Batman’s double life allows him to wear a rotating array of faces: billionaire and crime fighter, detective and philanthropist, playboy and furious vigilante. But in the lucidly imagined, crisply animated, generously written Batman: Caped Crusader, Bruce Wayne and his many public and private identities aren’t the main draw. The latest from Bruce Timm, co-creator of the magnificent Batman: The Animated Series, is especially exciting when it looks away from the Dark Knight and his long-established orphan issues to the city around him: to the corruption spreading throughout its streets, the complicity of those entrusted to protect it, and the allure of breaking the law to do something morally right.

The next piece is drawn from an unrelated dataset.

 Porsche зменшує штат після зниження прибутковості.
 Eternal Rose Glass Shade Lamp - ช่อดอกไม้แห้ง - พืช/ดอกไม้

Last year, HBO wiped out its neo-noir contingent by canceling both Perry Mason and the then-nascent Caped Crusader, the latter of which Prime Video picked up and already renewed for a second season. These two series share so many common themes, though, that jonesing Perry Mason fans could watch Caped Crusader like it was that series’ lost third season — and that approach would work just fine. Caped Crusader’s mid-century aesthetic: just as full of curved chrome cars, pencil-skirt suits, fedora-wearing baddies, and Art Deco architecture as Perry Mason’s. Gotham City’s police force: just as ethically nebulous as the Los Angeles Police Department. The series’ titans of industry: just as smugly evil as the McCutcheon and Nygaard oil scions. And Batman (voiced by a gravelly Hamish Linklater), public defender Barbara Gordon (Krystal Joy Brown), and lone good cops Commissioner Jim Gordon (Eric Morgan Stuart) and Detective Renee Montoya (Michelle C. Bonilla), Gotham City’s ragtag group of avengers trying to make things right: just as up against impossible odds as PI turned lawyer Perry Mason, legal secretary Della Street, beat cop Paul Drake, and assistant district attorney Hamilton Burger. There’s even a subplot about a disputed land-use deal! What could be more neo-noir than that?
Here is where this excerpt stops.